Facial Keypoint Detection with Neural Networks

By Jay Shenoy

Part 1: Nose Tip Detection

The first part of this project was to implement a convolutional neural network to detect a single facial keypoint, that corresponding to the tip of the nose. To do this, I first loaded images from the IMM Face Database in grayscale, normalized the pixel intensities to lie in the range [-0.5, 0.5], and resized the images to be of resolution 80x60. A few images from the dataset along with their ground-truth nose tip keypoints are shown below.

The neural network I used had the following architecture:

There were 3 convolutional layers, containing twelve 3x3 filters, twenty-six 5x5 filters, and twenty-six 5x5 filters respectively. These were followed by two fully-connected layers.

The network was trained with a learning rate of 1e-3 for 25 epochs, using the Adam algorithm. The batch size was set to 8. The training and validation losses are shown below.

The detector works reasonably well. Below are two images where the network predicts fairly accurate nose tip keypoints. The green points are the ground-truth annotations, while the red points are the keypoints predicted by the model.

Success Case 1
Success Case 2

However, the model does not work well in all cases. Below, you can see two instances where the ground-truth (green) keypoints differ significantly from the predicted (red) keypoints. The reason that the network fails here is because there are very few images in the training set in which the subjects are looking off to the side - in most of the images, the subjects are looking at the camera straight-on. As such, the network is unable to properly learn how to detect the nose tip in these side-profile images.

Failure Case 1
Failure Case 2

Part 2: Full Facial Keypoints Detection

Next, I trained another neural network to detect all 58 facial keypoints present in the IMM Face Database. To prevent the model from overfitting, I performed data augmentation by applying a series of rotations (between -15 and 15 degrees) and translations (-10 to 10 pixels in both dimensions) on all the images to artificially increase the size of the dataset and help the network generalize to unseen examples. Some images from the augmented dataset, along with their ground-truth keypoint annotations, are shown below.

The architecture of this new network was slightly more complicated than that of part 1, containing 5 convolutional layers and 2 fully-connected layers. The specifics of the CNN architecture are shown below.

The output of this network was 116-dimensional, representing two coordinates for each of the 58 predicted keypoints. During training, the learning rate was set to 1e-3, and the model was trained for 10 epochs. The batch size was set to 8. The training and validation losses over time are plotted below.

Due to the limited size of the dataset, the network is fairly mediocre at detecting all the keypoints. Below are 2 success and 2 failure cases.

Success Case 1
Success Case 2
Failure Case 1
Failure Case 2

The network most likely fails for the last 2 images because they contain faces that have been shifted and translated far too much. In the second failure case, the subject is looking off to the side, which is a situation that isn't represented enough in the training set. For these reasons, the network predicts keypoints that are actually quite similar to one another, signalling that it's probably overfitting to the training data. A good fix would be to train with more data so that the model can generalize better.

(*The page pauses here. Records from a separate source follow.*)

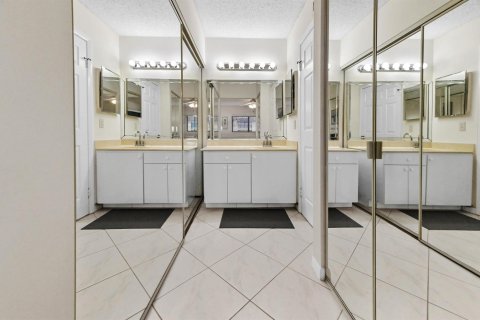Condo in Delray Beach, Florida, 2 bedrooms  № 2362029 - photo 24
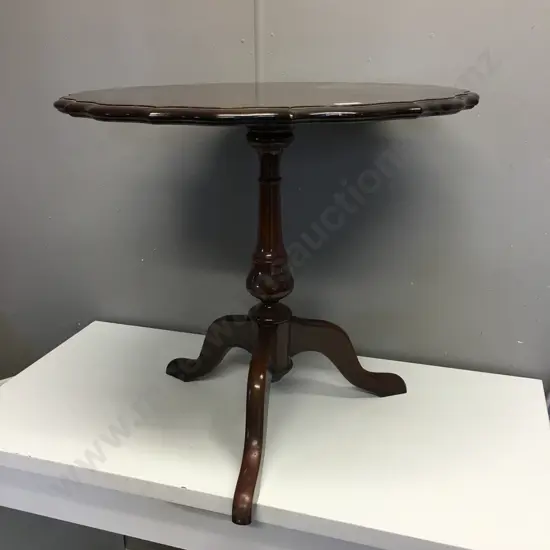 Mahogany Marquetry Round Scalloped Edge Occasional Table, Single Pedestal Tri legged, 56 x 61cm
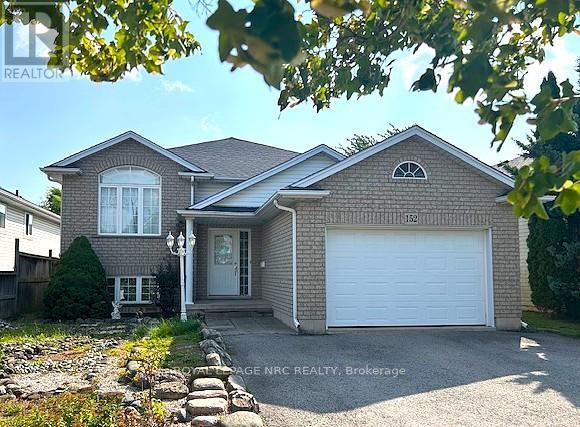 152 Larchwood Cir, Welland, ON L3C 6T3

The filters learned by the first and second convolutional layers are visualized below. As you can see, the first layer had 3x3 filters while the second had 5x5 filters.

First Convolutional Layer Filters
Second Convolutional Layer Filters

Part 3: Train with Larger Dataset

To alleviate some of the problems with the last part, I trained a third model with a much larger dataset consisting of 6666 images annotated with 68 facial keypoints. These images were cropped to just include a specific face within the image, converted to grayscale, and stretched out to resolution 224x224. Once again, I performed data augmentation to create random variants of the images with rotations (between -15 and 15 degrees) and translations (-10 to 10 pixels in both dimensions). This time, I used the standard ResNet18 model provided by PyTorch, initializing the weights to pretrained values. The first layer of the CNN was modified to accept only one channel (grayscale), and the output layer was changed to be 136-dimensional. The specifics of the CNN architecture are shown below.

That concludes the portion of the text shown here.